More about HKUST
TWO POPULAR QUERIES IN MASSIVE MULTIDIMENSIONAL DATASETS
The Hong Kong University of Science and Technology
Department of Computer Science and Engineering
PhD Thesis Defence
Title: "TWO POPULAR QUERIES IN MASSIVE MULTIDIMENSIONAL DATASETS"
By
Miss Wuman Luo
Abstract
The arrival of cyber-physical system era is changing data analysis in many
ways. Driven by the advances in Internet and sensor techniques, the amount of
multidimensional contents, such as images, trajectories, video clips, etc., has
grown to an unprecedented level. Supporting multidimensional objects in large
scale requires significant extensions from traditional databases. One critical
issue is indexing and query processing. In this thesis, we discuss two
important queries in massive multidimensional datasets: frequent path finding
and high-dimensional similarity join. In the context of big data, these two
queries are challenging due two reasons: 1) they both contain expensive
comparison operations, and 2) the complex structures of their interested data
complicate the index design.

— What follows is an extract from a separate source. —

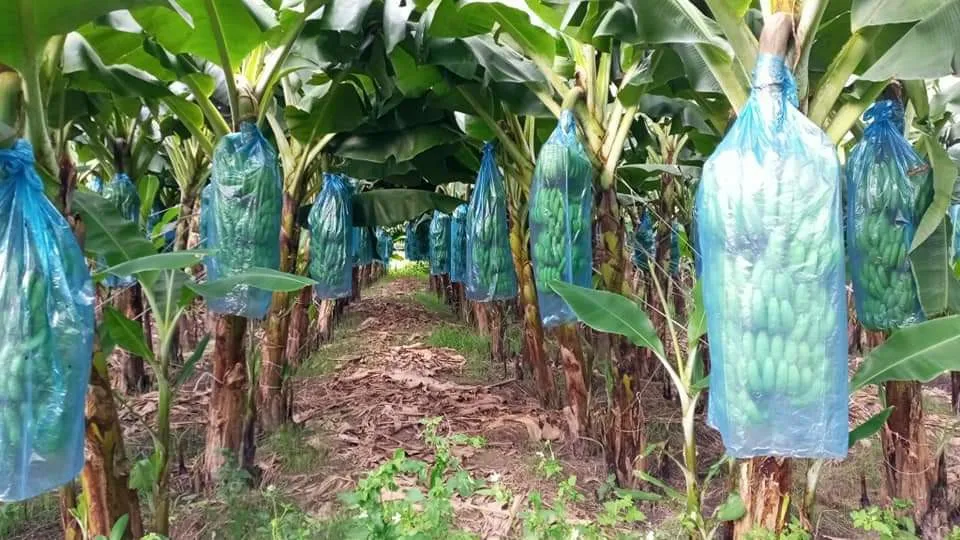 High Quality Fresh Fruits Banana (Cavendish) For Exporting/ Origin Vietnam Kotinochi Brand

To address these issues, we conduct theoretical
analysis, advanced algorithm design, as well as extensive experiments on
large-scale datasets.
First, we address the problem of frequent path finding by proposing a new
problem named the Most Frequent Path with Temporal Constraints (MFPTC).
Specifically, given a set of time periods T, a source s, and a destination d,
MFPTC query aims at computing the Most Frequent Path (MFP) from s to d during
T. This query not only reveals the common routing preferences of the past
travelers, but also considers the time effectiveness of MFP. To reflect the
common sense notion of frequent paths, we further propose a novel MFP
definition that satisfies three key properties: suffix-optimal,
length-insensitive, and bottleneck-free. Assuming that all trajectories have
been matched to a road network, we solve the MFPTC problem in two major steps.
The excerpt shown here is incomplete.